-- Problem details --
All lines from the one holding "De Weije Wereld" to the end of the listing are to be output exactly, both ends included, with any pictures left out.

-- Data excerpt --
=-=-=-=-=
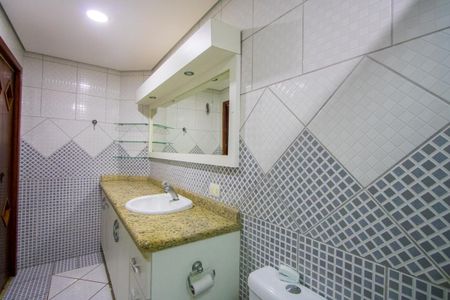 Casa à venda com 350m², 5 quartos e 2 vagas Casa à venda com 350m², 5 quartos e 2 vagasBanheiro social 1
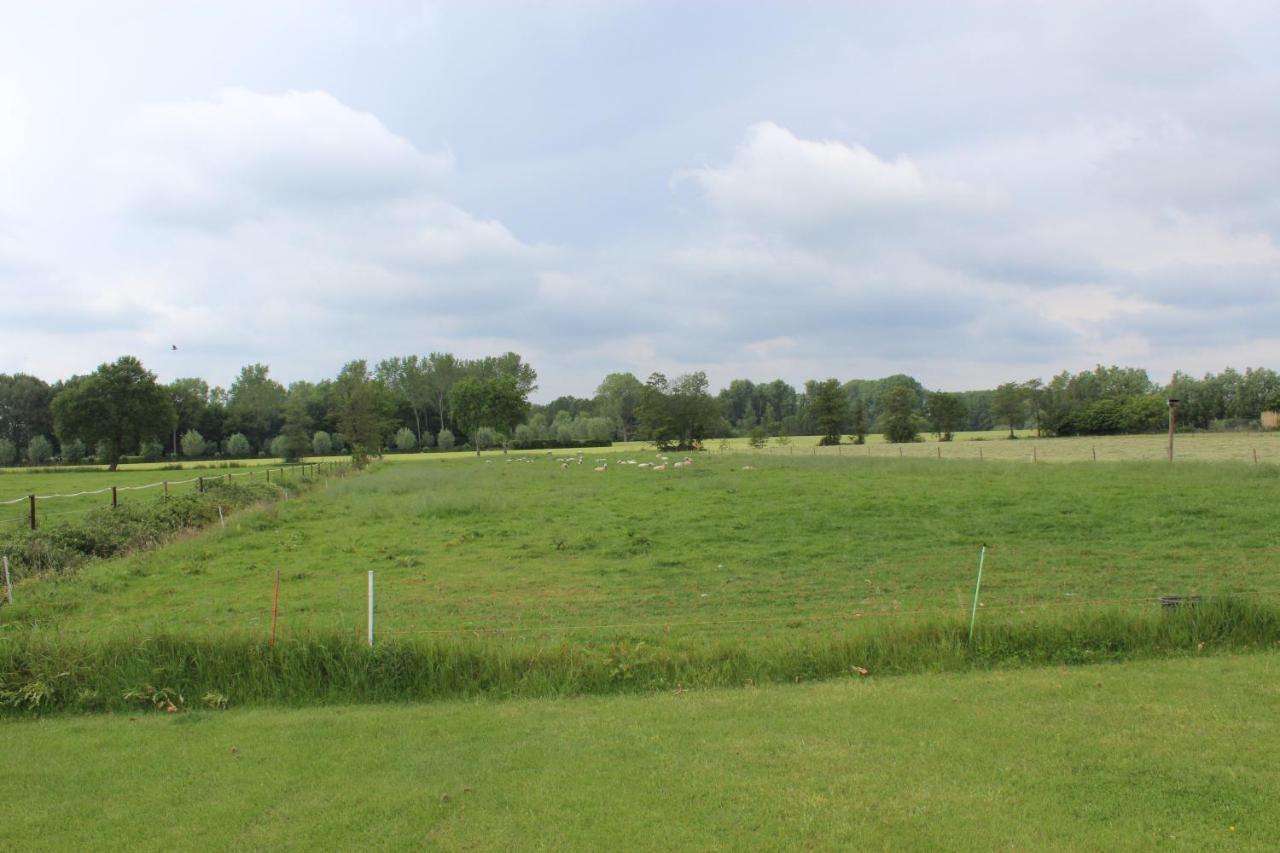 De Weije Wereld Bed & Breakfast Sint-Oedenrode Dış mekan fotoğraf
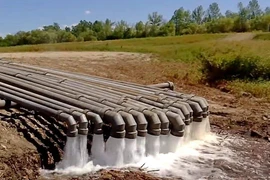 [ẢNH] Crimea sắp "hết khát" khi nhận dòng nước ngọt đầu tiên từ đáy biển Azov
=-=-=-=-=
-- Written reply --
 De Weije Wereld Bed & Breakfast Sint-Oedenrode Dış mekan fotoğraf
 [ẢNH] Crimea sắp "hết khát" khi nhận dòng nước ngọt đầu tiên từ đáy biển Azov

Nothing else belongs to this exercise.